- **TASK STATEMENT**
Make an exact copy of the records, omitting all images.
====== PROVIDED INFORMATION ======
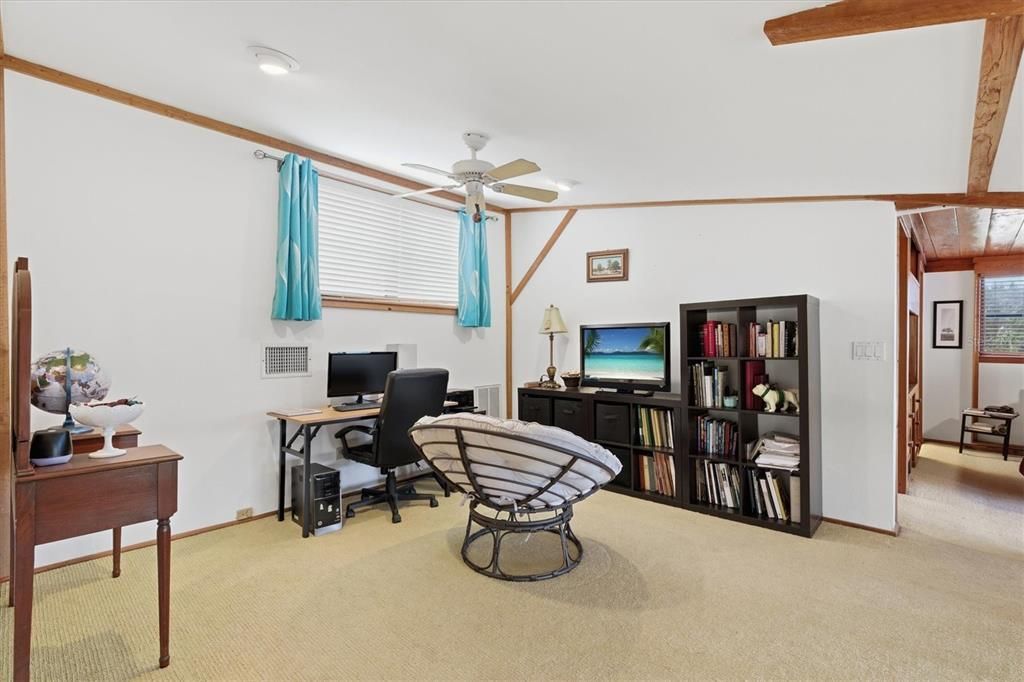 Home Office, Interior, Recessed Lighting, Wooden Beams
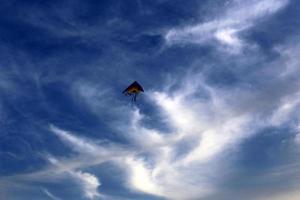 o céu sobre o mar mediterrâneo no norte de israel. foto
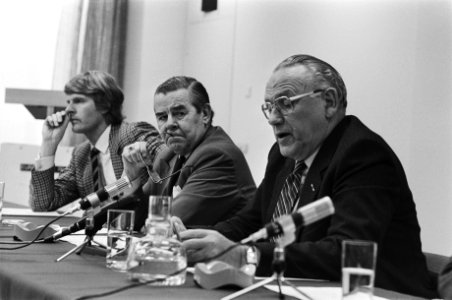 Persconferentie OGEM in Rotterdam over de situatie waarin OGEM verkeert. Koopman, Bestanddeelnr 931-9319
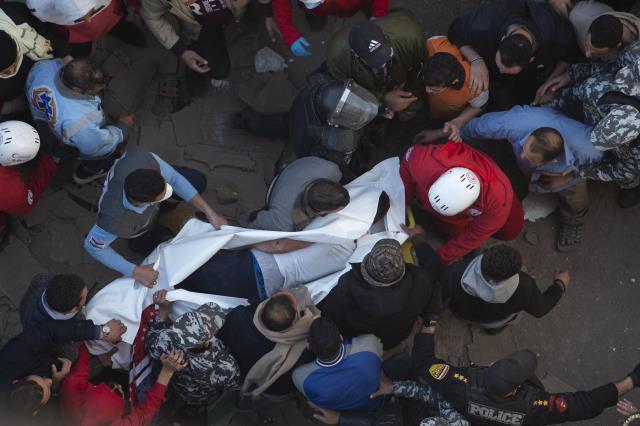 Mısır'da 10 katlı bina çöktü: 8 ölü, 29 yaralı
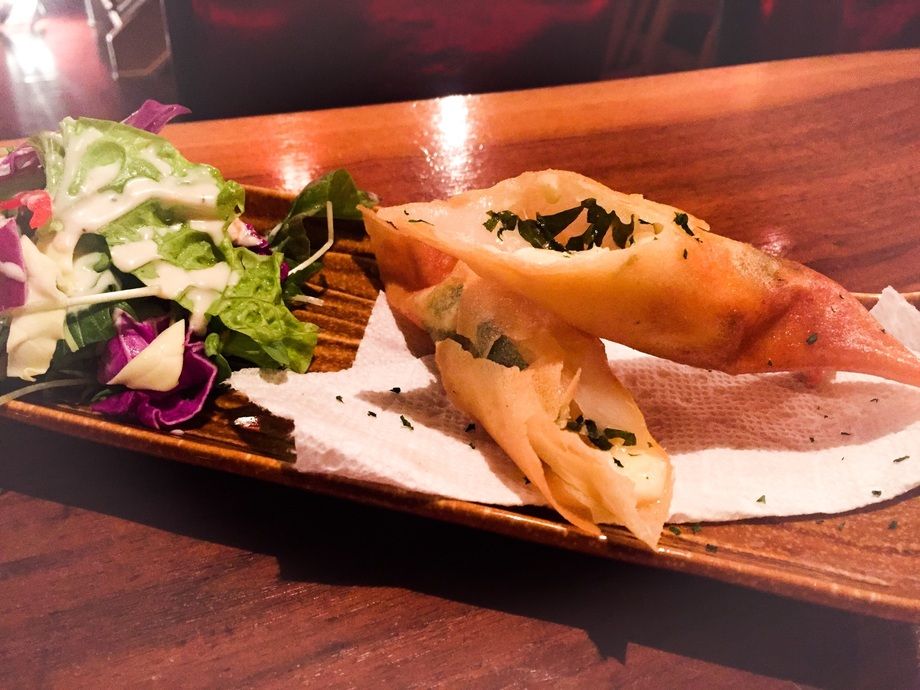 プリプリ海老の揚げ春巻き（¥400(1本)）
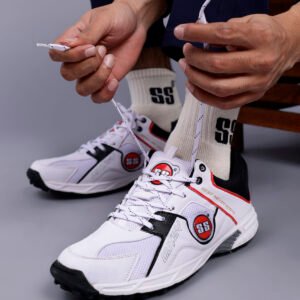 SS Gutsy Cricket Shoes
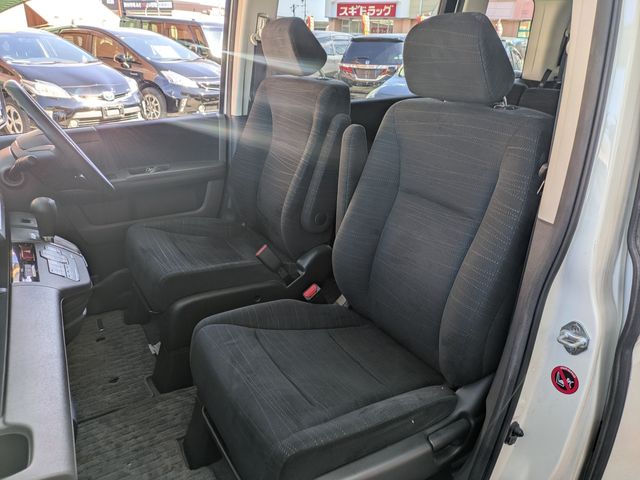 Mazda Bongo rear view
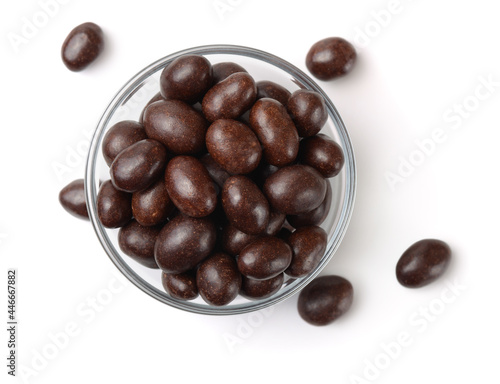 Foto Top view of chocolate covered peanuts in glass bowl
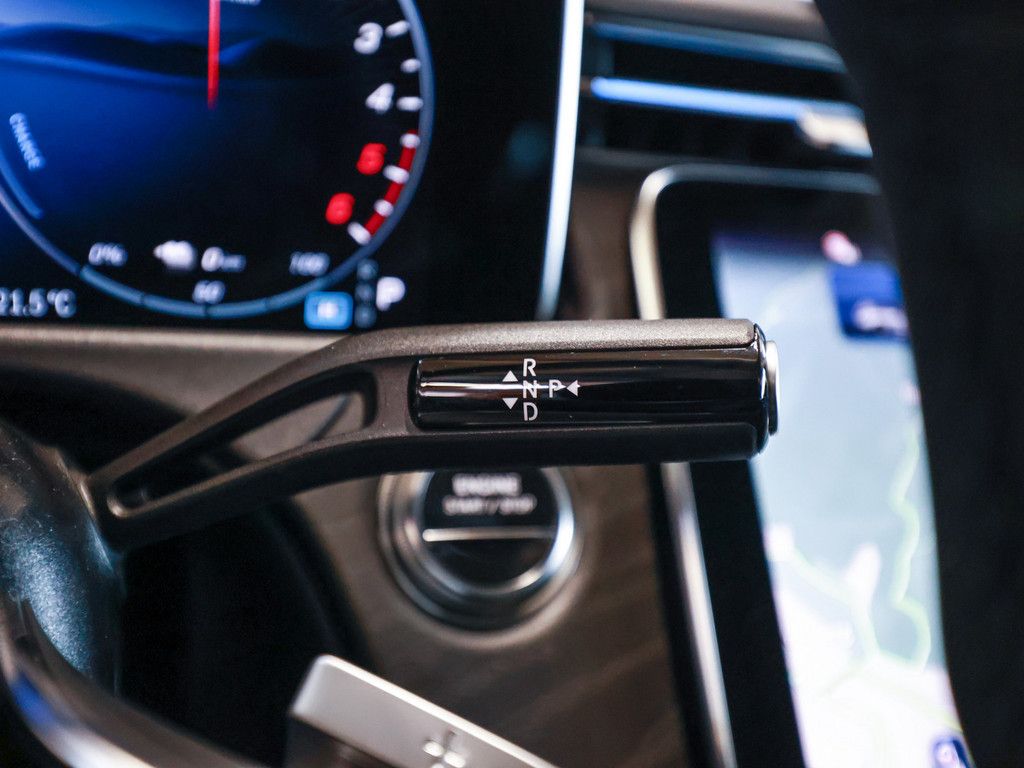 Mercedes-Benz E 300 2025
======
- **RESPONSE BELOW**
 Home Office, Interior, Recessed Lighting, Wooden Beams
 o céu sobre o mar mediterrâneo no norte de israel. foto
 Persconferentie OGEM in Rotterdam over de situatie waarin OGEM verkeert. Koopman, Bestanddeelnr 931-9319
 Mısır'da 10 katlı bina çöktü: 8 ölü, 29 yaralı
 プリプリ海老の揚げ春巻き（¥400(1本)）
 SS Gutsy Cricket Shoes
 Mazda Bongo rear view
 Foto Top view of chocolate covered peanuts in glass bowl
 Mercedes-Benz E 300 2025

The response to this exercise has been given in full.